§ **Work to be completed**
Print the listing below a second time, exactly, and omit its images.

§ **Information supplied**
|---|
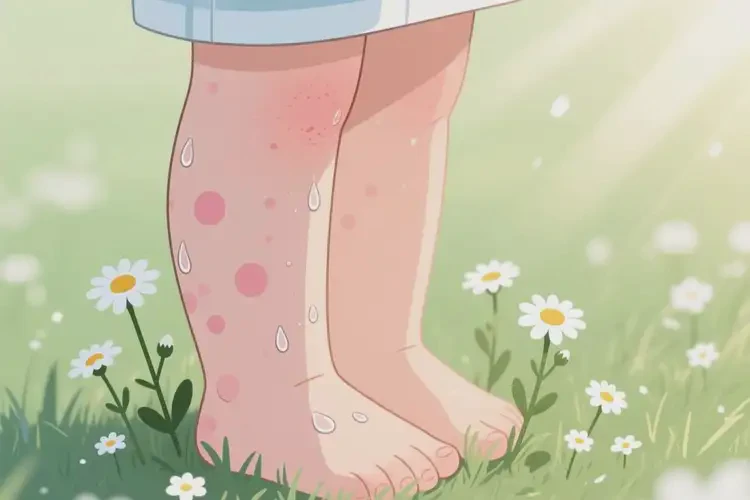 小孩小腿出現(xiàn)濕疹不管它會自己自愈嗎(圖2)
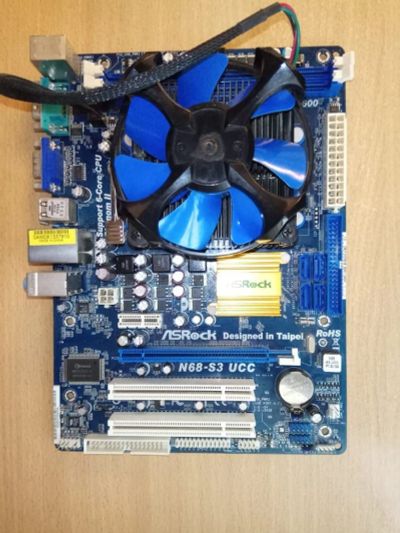 Лот: 14316984. Фото: 1. ASRock n68-s3 ucc + AMD Athlon... Комплекты запчастей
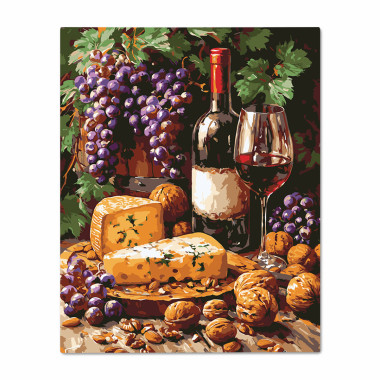  Painting by numbers Wine and cheese: photo - ORNER 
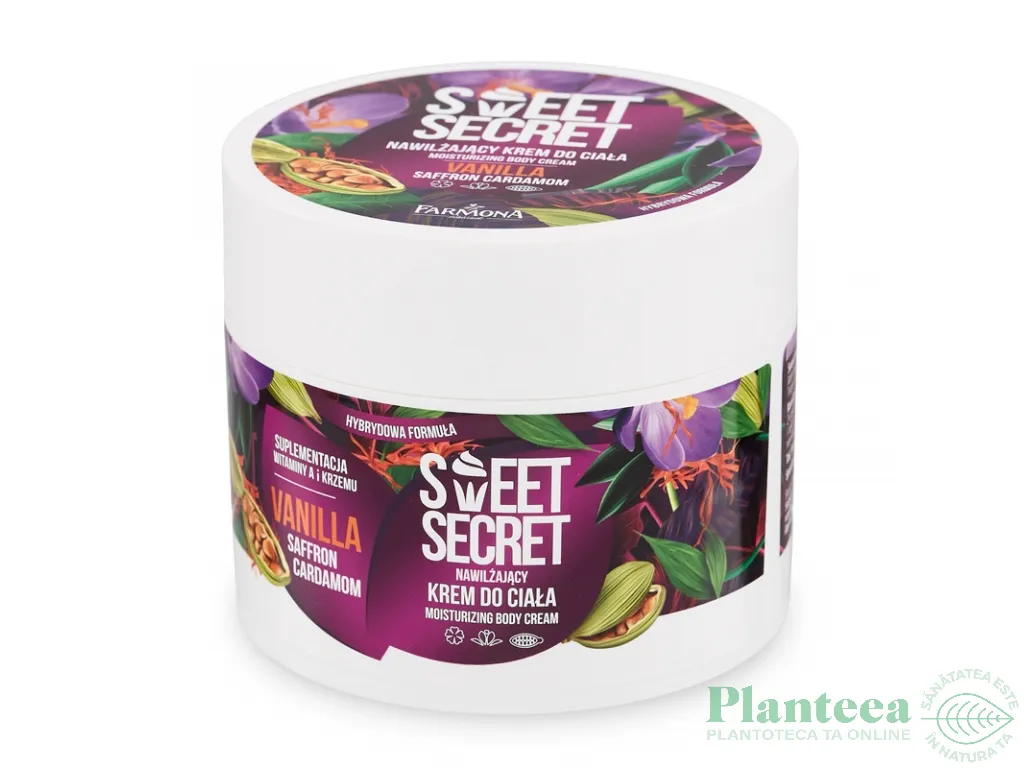 Crema corp hibrida hidratanta vit A siliciu Sweet Secret 200ml - FARMONA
|---|
§ **Response below**
 小孩小腿出現(xiàn)濕疹不管它會自己自愈嗎(圖2)
 Лот: 14316984. Фото: 1. ASRock n68-s3 ucc + AMD Athlon... Комплекты запчастей
  Painting by numbers Wine and cheese: photo - ORNER 
 Crema corp hibrida hidratanta vit A siliciu Sweet Secret 200ml - FARMONA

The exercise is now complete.